In addition to counting short motifs (Supplementary Table 1 [rows 25–56]), long motifs (20–24 nt) at one per genotype were counted in UL73 and UL74 and a further 10 hypervariable genes (RL5A, RL6, RL12, RL13, UL1, UL9, UL11, UL120, UL146, and UL139) (Supplementary Table 1 [rows 58–166]) [24]. Long motifs identifying common gene-disrupting mutations in 3 genes (RL5A, UL111A, and US9) [24] were also counted (Supplementary Table 1 [rows 167–174]). Strain numbers were estimated from long motif counts using thresholds described in the Results (Supplementary Table 1 [row 17]).

Variant Analysis

Replacement of one strain by another as the major population (genotype switch) in compartmental or longitudinal samples from the same individual, were investigated by variant analysis [21, 27]. The original datasets were quality checked using FASTQC (http://www.bioinformatics.babraham.ac.uk/projects/fastqc/), trimmed to not less than 100 nt using Trimmomatic [28], optimized using VelvetOptimiser parameters (http://www.vicbioinformatics.com/software.velvetoptimiser.shtml), and assembled de novo using Velvet [29], producing contigs that were ordered by reference genome mapping using ABACAS [30]. The resulting contigs were verified by reference mapping using BWA [31] and SAMtools/BCFtools [32]. GATK [33] was used for indexing, mapping and variant calling, defining variant nucleotides as follows: prevalence <50%, overall read depth ≥50, average nucleotide quality ≥30, variant frequency ≥1% for read depths >1000 and >10% for read depths 50–1000, and minimum SNP depth ≥10. Artemis [34] was used for visualization.

Data Deposition

The human purged datasets were deposited in the European Nucleotide Archive under project number PRJEB31143 (Supplementary Table 1 [row 15]). Complete genome sequences were assembled as described [22] and deposited in GenBank (Supplementary Table 1 [row 16]) under accessions MK290742MK290744 and MK422176.

RESULTS

Dataset Assessment

In a recent study, we highlighted the importance of monitoring dataset quality produced directly from clinical material by target enrichment and high-throughput sequencing [24]. We implemented this here by assembling datasets against the reference strain Merlin genome (GenBank accession AY446894), noting numbers of matching HCMV reads (Supplementary Table 1 [line 19]), and deriving 2 parameters: (1) percentages of matched HCMV reads in the dataset and (2) percentages of the reference genome represented (Supplementary Table 1 [lines 20–21]). Also, since sequencing methodology is highly PCR based, the number of HCMV fragments producing the data was monitored by additional parameters: (3) coverage depth of the reference genome by all HCMV reads, and (4) coverage depth of the reference genome by reads generated from unique HCMV DNA fragments (Supplementary Table 1 [lines 22–23]).
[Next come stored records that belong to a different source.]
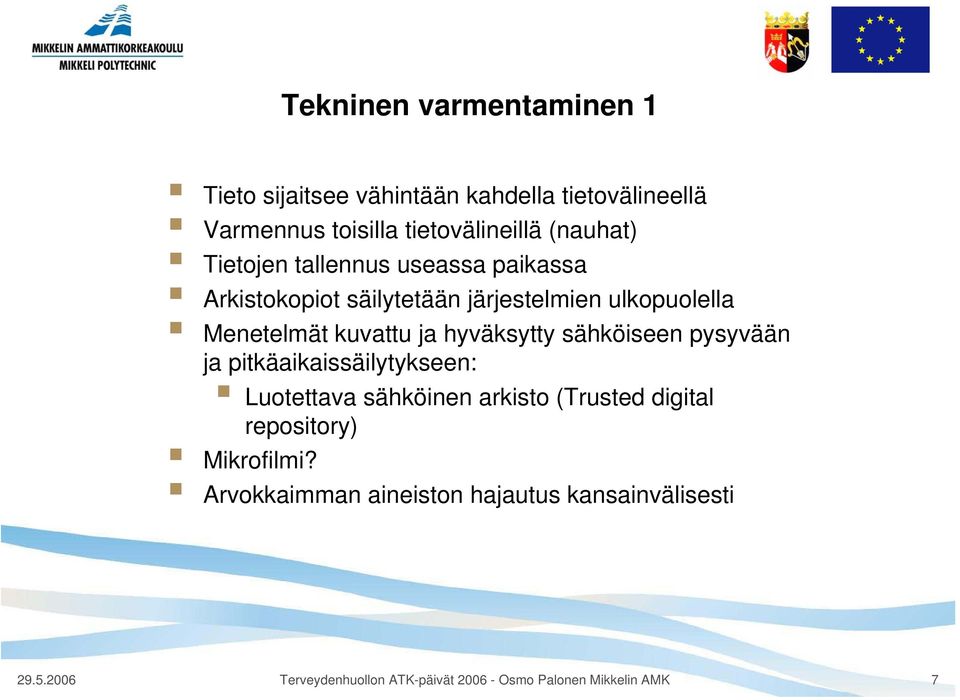 hyväksytty sähköiseen pysyvään ja pitkäaikaissäilytykseen: Luotettava sähköinen arkisto (Trusted digital repository)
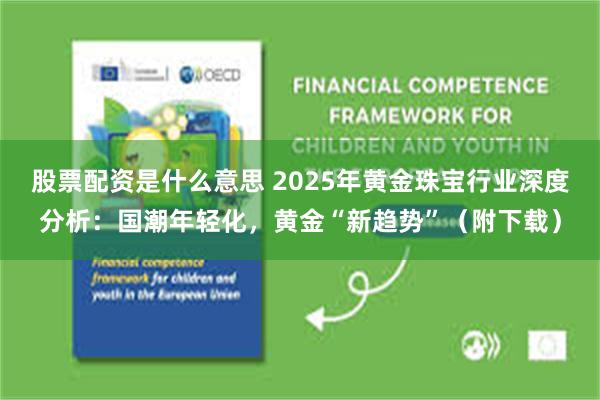 股票配资是什么意思 2025年黄金珠宝行业深度分析：国潮年轻化，黄金“新趋势”（附下载）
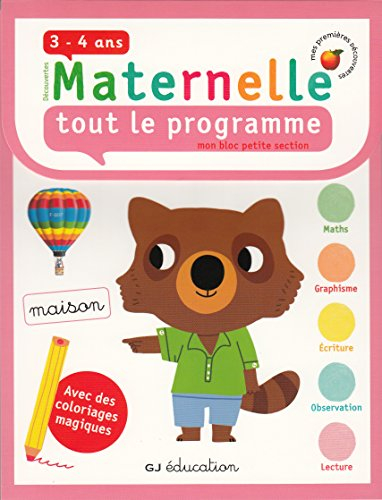 Découvertes maternelle, tout le programme : mon bloc petite section 3-4 ans : avec des coloriages ma
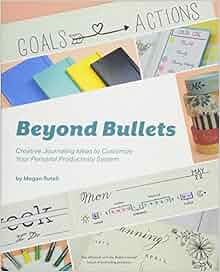Beyond Bullets Creative Journaling Ideas to Customize Your Personal Productivity System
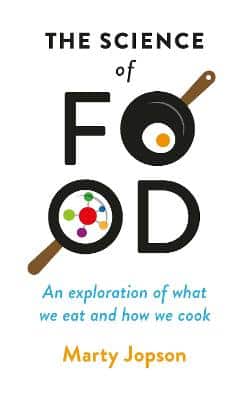 The Science Of Food: An Exploration Of What We Eat And How We Cook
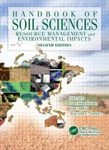 Handbook of Soil Sciences: Resource Management and Environmental Impacts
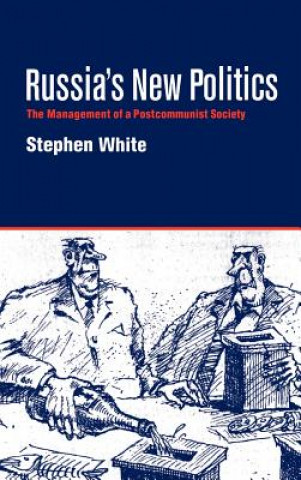 Könyv Russia's New Politics Stephen White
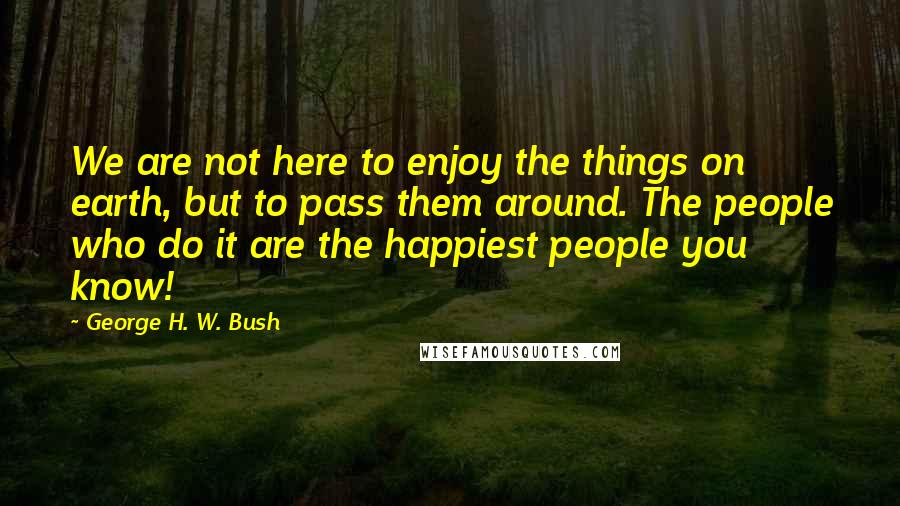 George H. W. Bush Quotes: We are not here to enjoy the things on earth, but to pass them around. The people who do it are the happiest people you know!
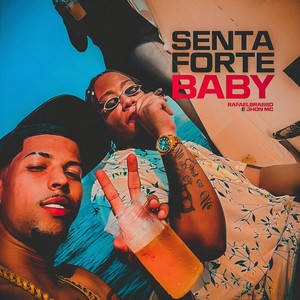 Senta Forte Baby (Explicit)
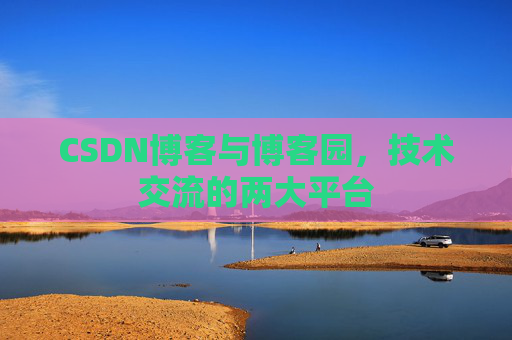 CSDN博客与博客园，技术交流的两大平台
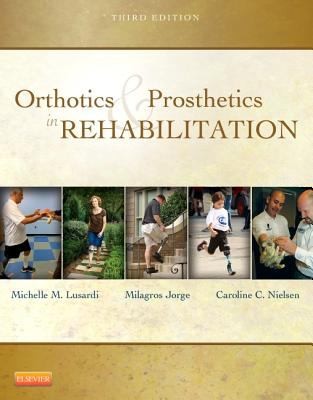 Cover for Orthotics Prosthetics In Rehabilitation Michelle M Lusardi Pt Dpt Phd Professor Emerita Department Of Physical Therapy Human Movement Science College Of Health Professions Sacred Heart University Fairfield Ct Milagros Millee Jorge Pt Ma Edd Professor And Dean Langston University School Of Physical Therapy Langston Ok Caroline Nielsen Ba Ma Phd Health Care Education And Research Consultant Bonita Springs Fl Former Associate Professor And Director Graduate Program In Allied Health University Of Connecticut Storrs Ct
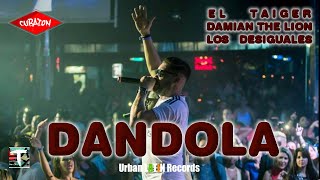 EL TAIGER ► DANDOLA OFFICIAL VIDEO Los desiguales eltaiger [upl. by Aelaza]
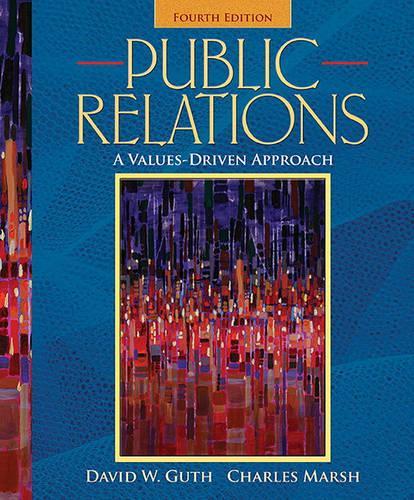 Public Relations: A Values-Driven Approach Value Package (Includes Mycommunicationlab with E-Book Student Access )(English)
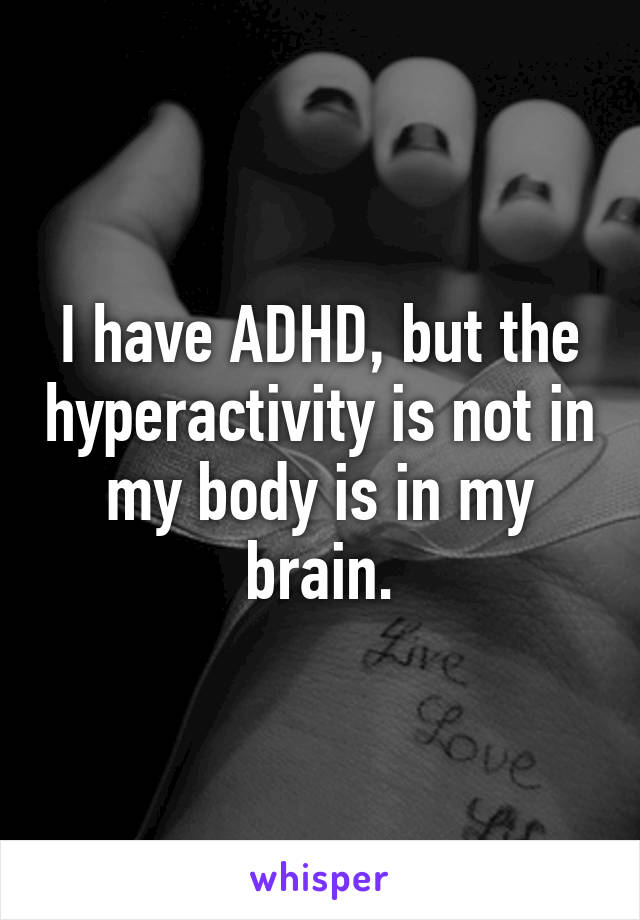 I have ADHD, but the hyperactivity is not in my body is in my brain.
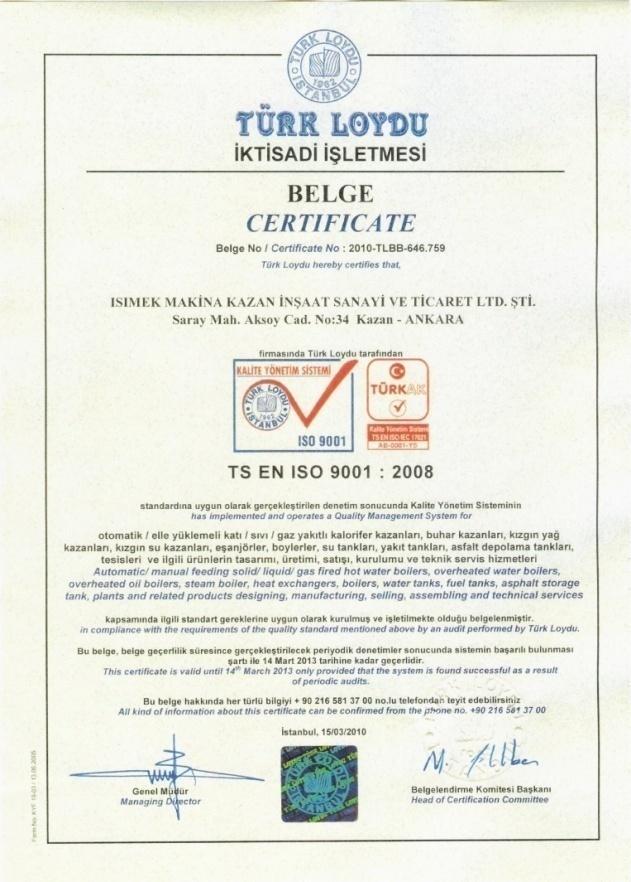 CORPORATE CERTIFICATES ISO 9001:2000 Quality Management System Certificate Our company has performed quality assurance in the production in cooperation with an independent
Quality threshold values were set at (1) ≥50%, (2) ≥95%, (3) ≥1000 of the total fragment reads/nt, and (4) ≥20 unique fragment reads/nt. Eighteen datasets generated from 13 women met all 4 criteria, and 2 datasets (141R16 and 243L16) met criteria (1) to (3) but exhibited lower values (10–20) for criterion (4). These 20 datasets (from one HIV-negative woman and 19 from 13 HIV-infected women) (Table 1 and Supplementary Table 1 [row 11]) are analyzed further.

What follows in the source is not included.